Collection entries:
>>>>>

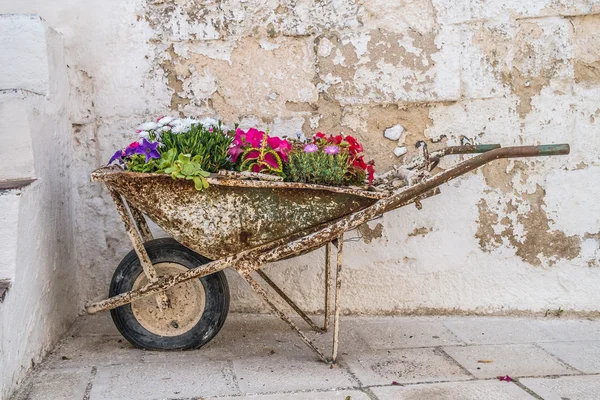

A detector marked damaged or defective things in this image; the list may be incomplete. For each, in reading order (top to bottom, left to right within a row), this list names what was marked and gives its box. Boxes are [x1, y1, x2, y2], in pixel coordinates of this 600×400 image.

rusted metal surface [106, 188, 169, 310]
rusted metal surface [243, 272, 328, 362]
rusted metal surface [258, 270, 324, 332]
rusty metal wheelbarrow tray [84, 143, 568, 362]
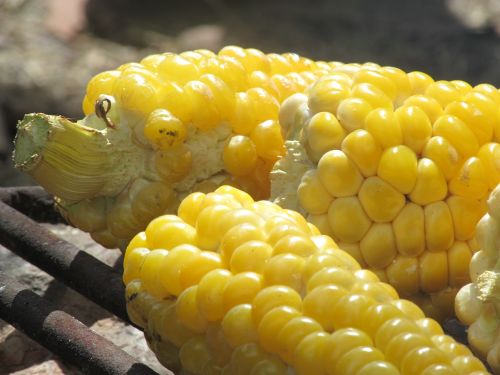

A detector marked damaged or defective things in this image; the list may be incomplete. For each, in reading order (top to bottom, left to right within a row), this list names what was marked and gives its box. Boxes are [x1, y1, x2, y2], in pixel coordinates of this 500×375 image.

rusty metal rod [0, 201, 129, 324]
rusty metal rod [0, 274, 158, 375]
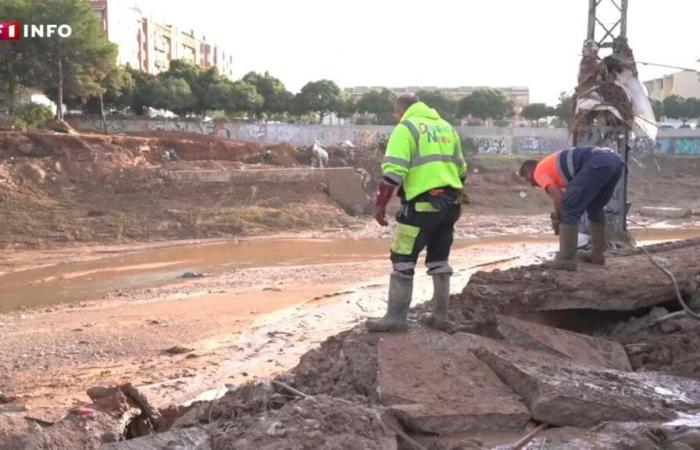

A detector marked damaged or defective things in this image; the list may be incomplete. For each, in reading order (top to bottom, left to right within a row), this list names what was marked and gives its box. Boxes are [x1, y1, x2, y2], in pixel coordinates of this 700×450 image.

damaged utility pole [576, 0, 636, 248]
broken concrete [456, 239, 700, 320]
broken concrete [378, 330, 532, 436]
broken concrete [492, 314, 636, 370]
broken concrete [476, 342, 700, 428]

<<<<<

-- AIM OF THE EXERCISE --
Write out the data above precisely. Pictures stay out.

-- OUTPUT OF THE EXERCISE --
A detector marked damaged or defective things in this image; the list may be incomplete. For each, in reading order (top to bottom, left to right within a row), this list names what was marked and gives its box. Boxes are [x1, y1, x2, y2], in pixel coordinates of this 600×400 image.

rusted metal surface [106, 188, 169, 310]
rusted metal surface [243, 272, 328, 362]
rusted metal surface [258, 270, 324, 332]
rusty metal wheelbarrow tray [84, 143, 568, 362]

A detector marked damaged or defective things in this image; the list may be incomplete. For each, in reading order (top to bottom, left to right within a row), this list names what was marked and gives its box. Boxes are [x1, y1, x2, y2], in pixel coordinates of this 500×375 image.

rusty metal rod [0, 201, 129, 324]
rusty metal rod [0, 274, 158, 375]

A detector marked damaged or defective things in this image; the list may be incomplete. For each, in reading order (top to bottom, left to right within a row), this list names what was marked and gives its box. Boxes are [x1, y1, x2, y2], in pixel coordinates of this 700×450 image.

damaged utility pole [576, 0, 636, 248]
broken concrete [456, 239, 700, 320]
broken concrete [378, 330, 532, 436]
broken concrete [492, 314, 636, 370]
broken concrete [476, 342, 700, 428]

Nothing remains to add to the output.